Leena Gade, who engineered the winning Audi R18 in the 2011 race, and Darren Turner - a three-time class winner for Aston Martin Racing - bring with them a wealth of experience that will be put to great use in identifying the next generation of British racing talent.
Gade and Turner - himself a winner of the award in 1996 - join a panel of judges, which also features veteran track commentator and BRDC member Ian Titchmarsh, Autosport magazine editor Kevin Turner, double British Touring Car champion Jason Plato, former McLaren engineering chief Mark Williams, 2008 Award winner and factory BMW driver Alexander Sims and 1997 Award winner and Garage 59 team boss Andrew Kirkaldy.
Gade, who is the only woman to have engineered an outright Le Mans winner, said: "It's a real honour to be one of judges of such a prestigious Award, and one that I have been actively following for many years.
"I have worked with some of the previous winners, including Oliver Jarvis, and I have always been interested in seeing how their careers develop.
"I want to help the finalists understand how they will need to work with engineers as they strive to become professional racing drivers."

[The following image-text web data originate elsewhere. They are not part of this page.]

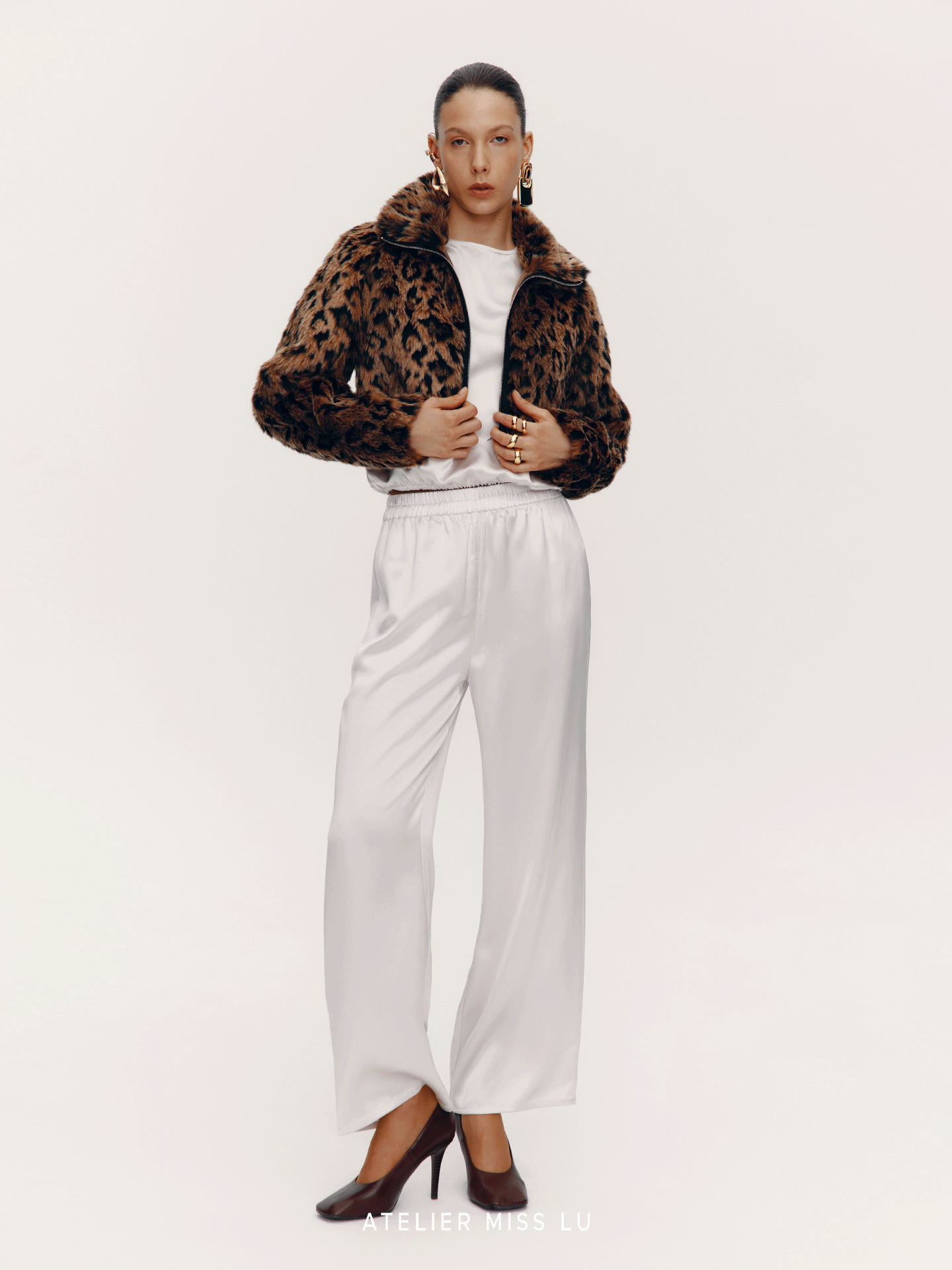 ATELIER MISS LU Fall/Winter Glossy Acetate Blend Straight Casual Pants - DRAW.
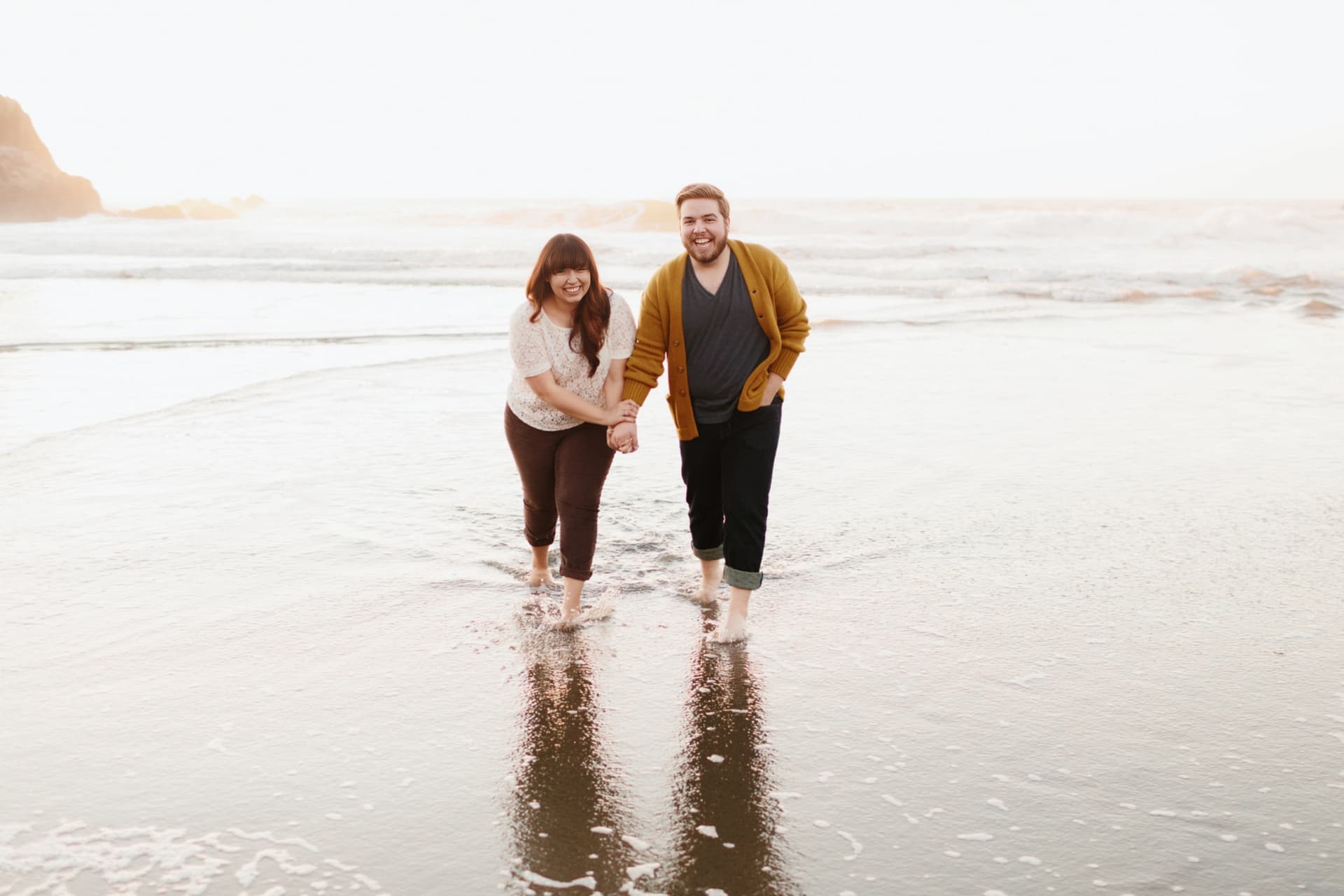 Smiling couple in the beach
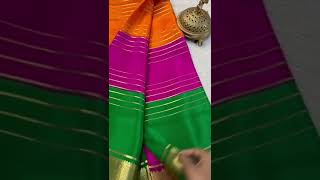 🇮🇳Mysore Pure Crepe Silk sarees24/3Color 3DBentex Border/Silk mark certified/D120gm/11500#9972145452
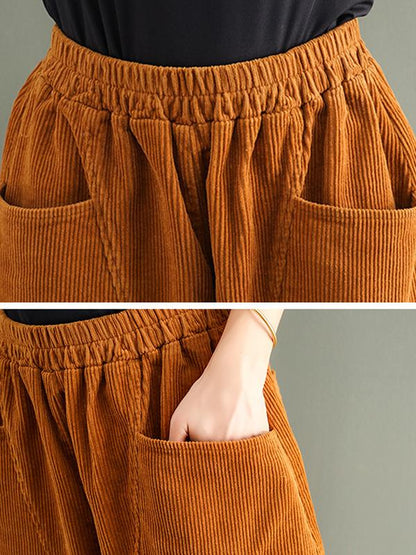 PLUS Size - Elastic Waist Corduroy Cotton Pants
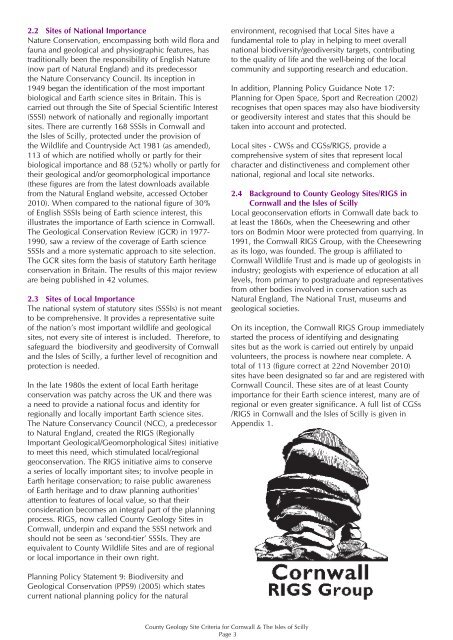 County Geology Site Criteria for Cornwall and the Isles of Scilly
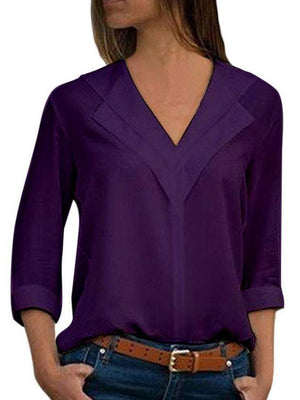 Solid Color V-neck Long-sleeved Blouse
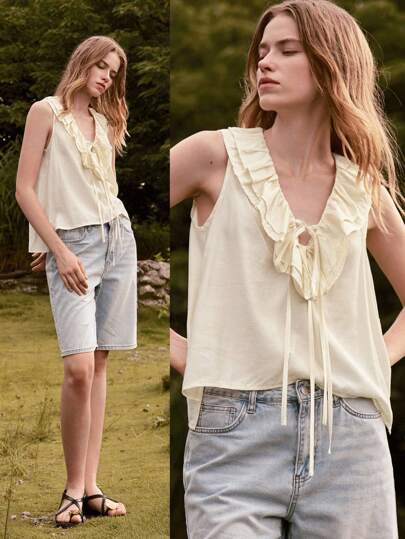 Lumivelle 优雅荷叶边无袖衬衫，纯色，夏季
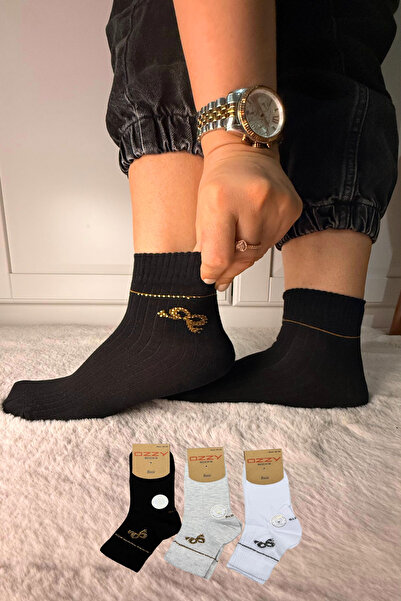 Ozzy Socks 3 perechi de șosete de damă cu detalii din piatră, fără cusături ș...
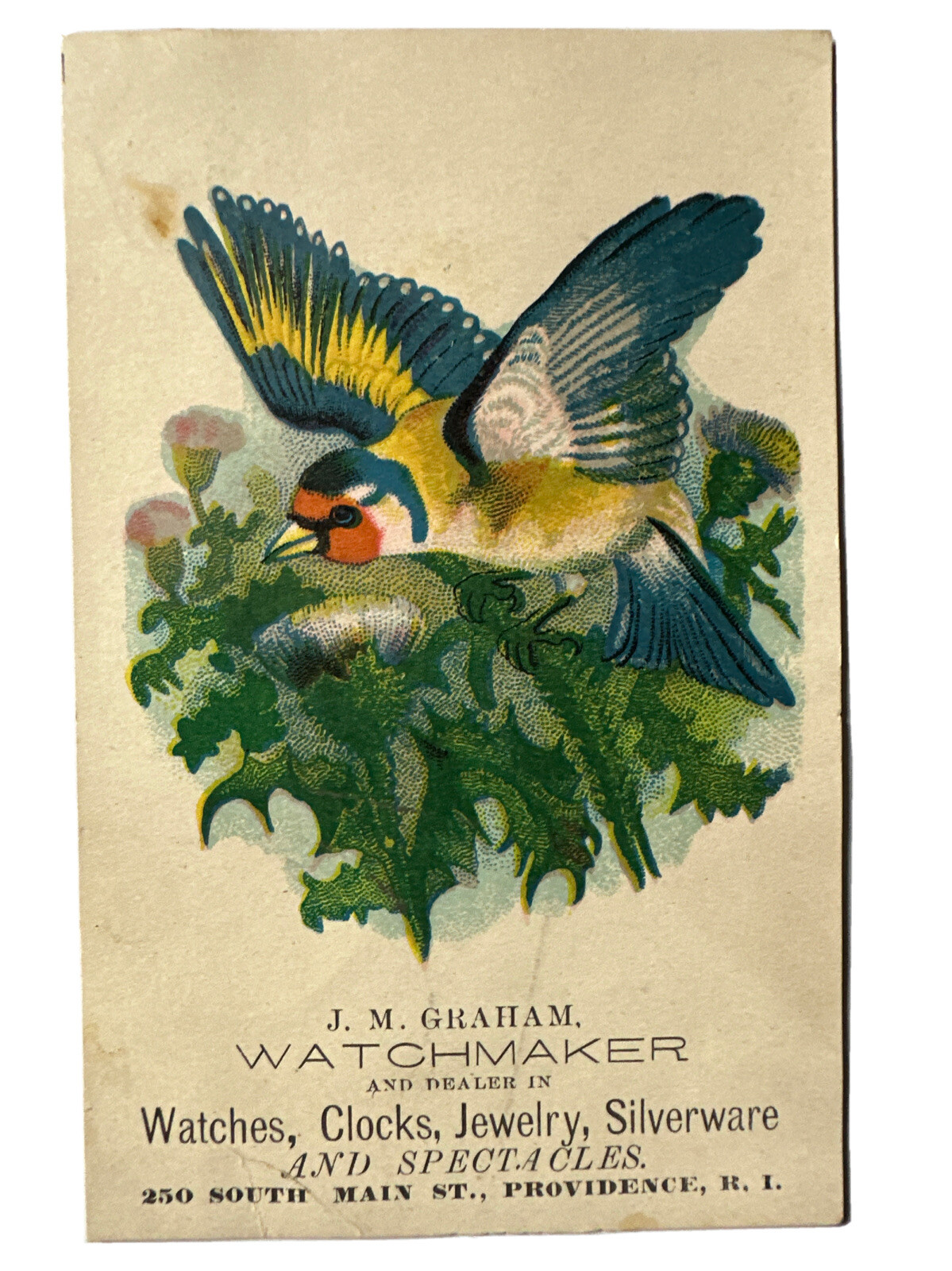 VICTORIAN JEWELERS TRADE CARD JM Graham Watchmaker Spectacles Providence RI B23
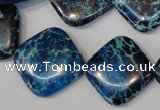 CDT252 15.5 inches 20*20mm diamond dyed aqua terra jasper beads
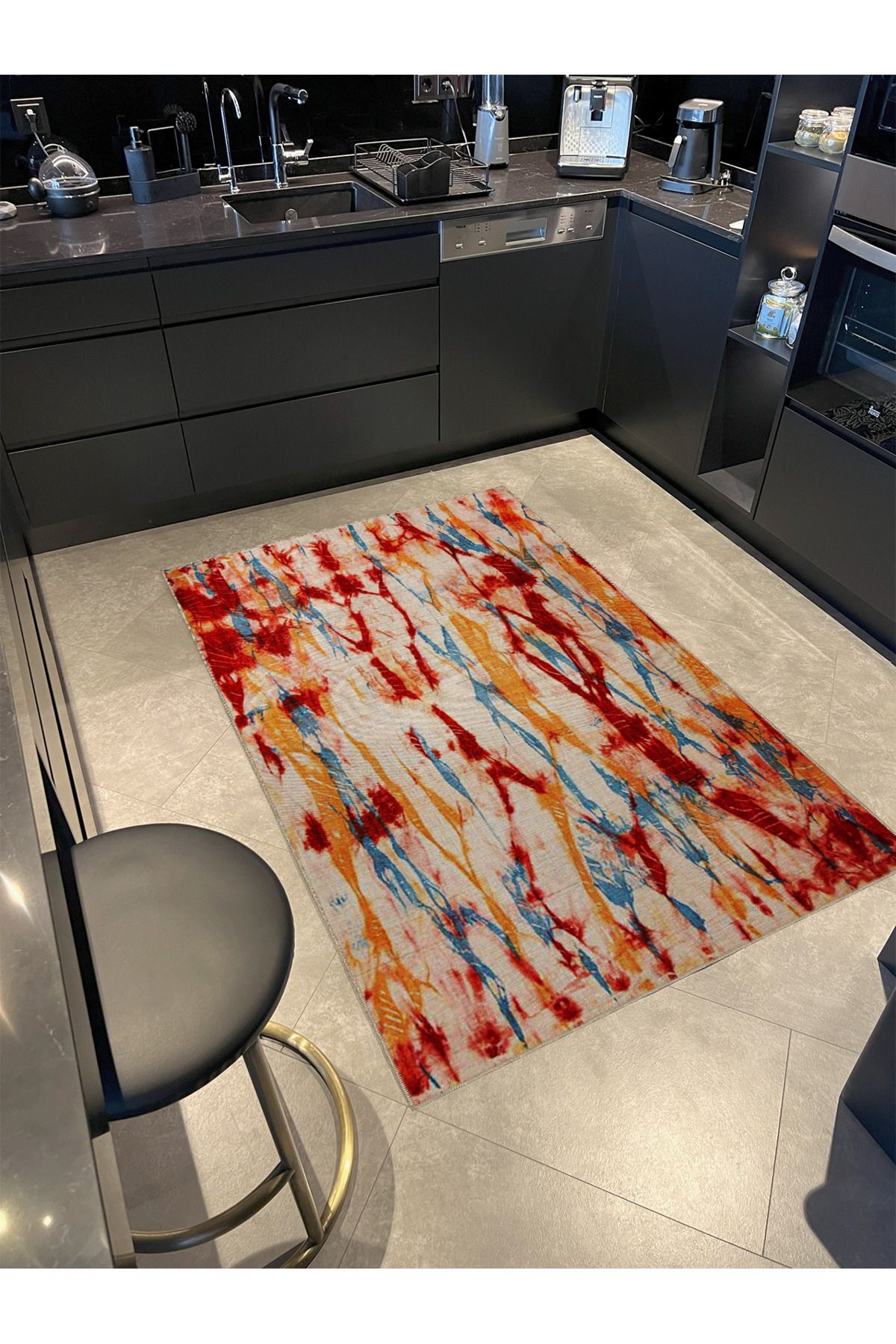 Çok Renkli Boya Sıçratma Desenli Kreatif Modern Dekoratif Halı 5374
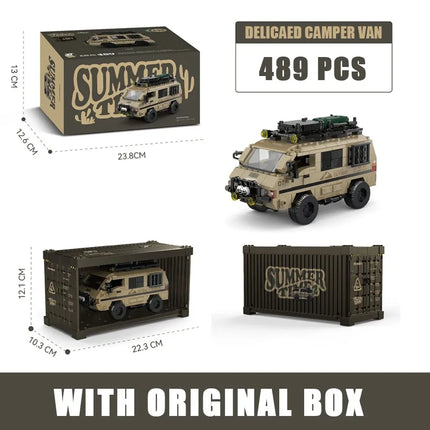 489PCS MOC City Off-road Camper Van Model Building Blocks RV Vehicle Car Truck Bricks with Display Box Garage Toys for Kids Gift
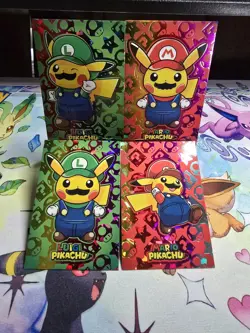 Pokemon Mario & Luigi Pikachu Merry Christmas Card Database rainbow foil Version - Image 1
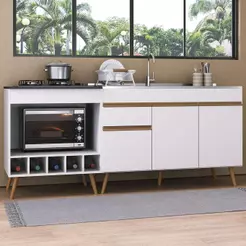 Kit Balcão de Cozinha para Pia e Balcão para Cooktop/Forno 190cm Veneza Multimóveis MP2384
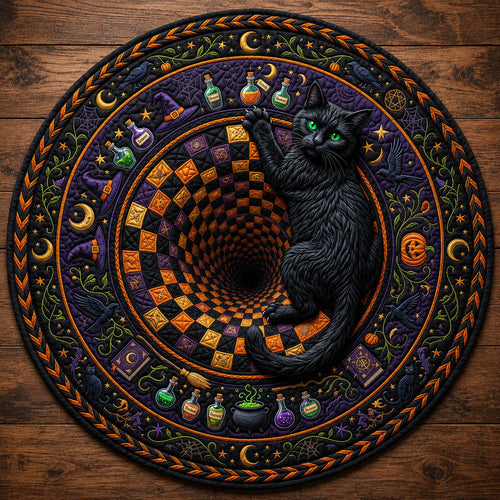 Black Cat Vortex Quilted Round Mat GFTOLAN868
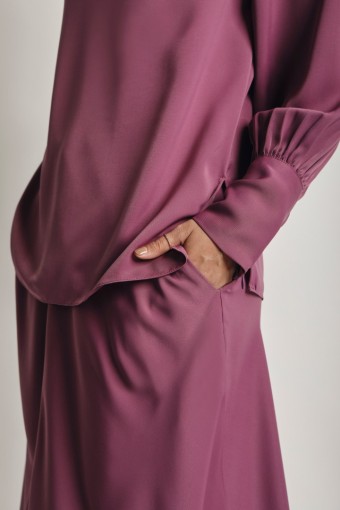 Women Matte Satin Bias Cut Skirt Mauve Purple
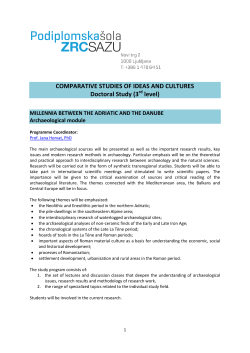 COMPARATIVE STUDIES OF IDEAS AND CULTURES Doctoral Study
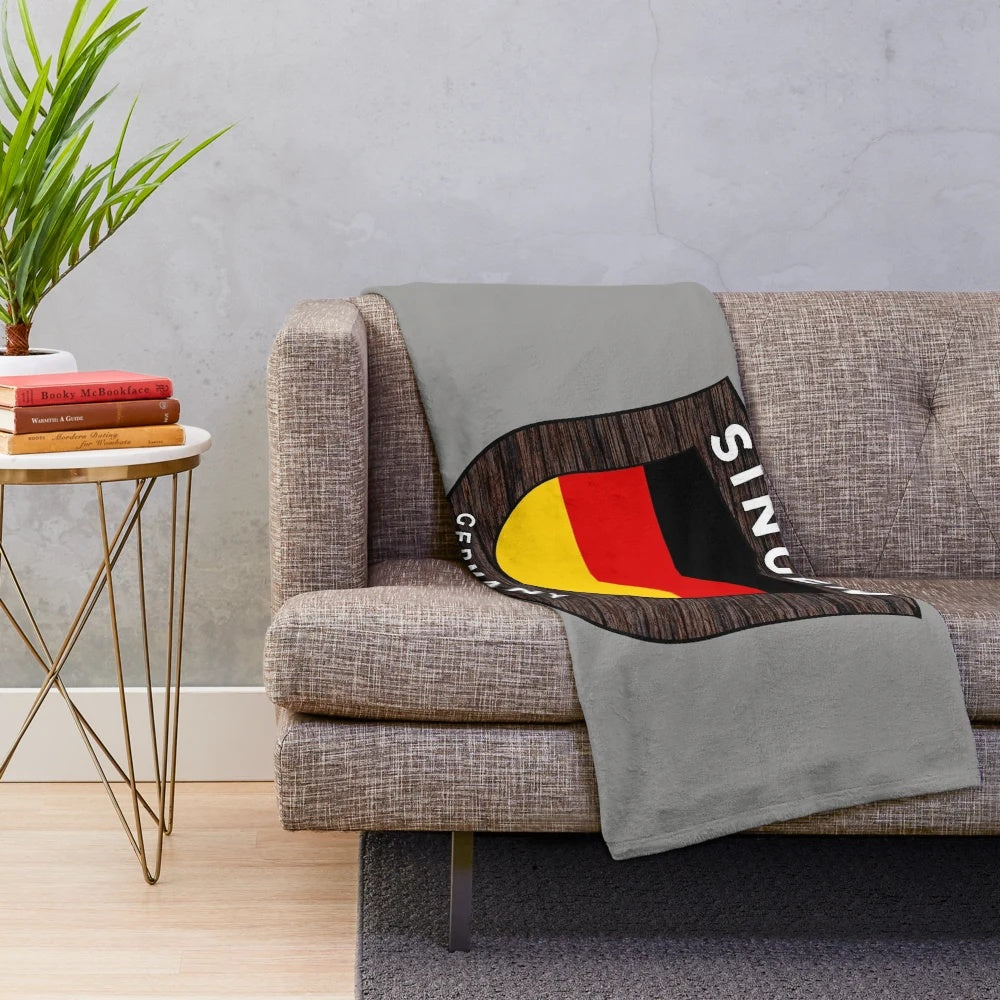 Singen Germany themed plush blanket featuring the city's emblematic flag and crest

Turner, who will offer expert insight into life as a factory Aston Martin driver, said: "As a previous winner of the Award I understand precisely how significant it can be in the journey of a young aspiring British driver.
"Now to be able to contribute to this initiative again, with the privilege of experience, as Aston Martin's judge is a wonderful opportunity.
"It's harder now than it ever was to break through into international-level motorsport, and the fact that this Award is still so important reflects how influential it is in the development of a drivers' career."
The Aston Martin Autosport Award is open to all drivers aged 23 and under who hold a British Competition license, racing in categories beneath FIA F3 level.
The Award started in 1989, when 13-time F1 race winner David Coulthard was announced as the inaugural winner.
Since then it has identified the best in young British racing talent and given a significant boost in their careers.
Other previous winners include 2009 World Champion Jenson Button and three-time Indy 500 winner Dario Franchitti, while current F1 stars Lando Norris and George Russell were recipients of the Award.
Four finalists will be shortlisted for assessment, which includes fitness and simulator work at Red Bull Racing's F1 factory, plus a two-day on-track evaluation around the Silverstone Grand Prix circuit, where they will go head-to-head in a variety of machinery.
The winner will be announced at the 2019 Autosport Awards, held at the Grosvenor House Hotel on December 8.
The winner will receive £200,000, membership of the BRDC and a test in an Aston Martin Red Bull Racing F1 car as part of their prize.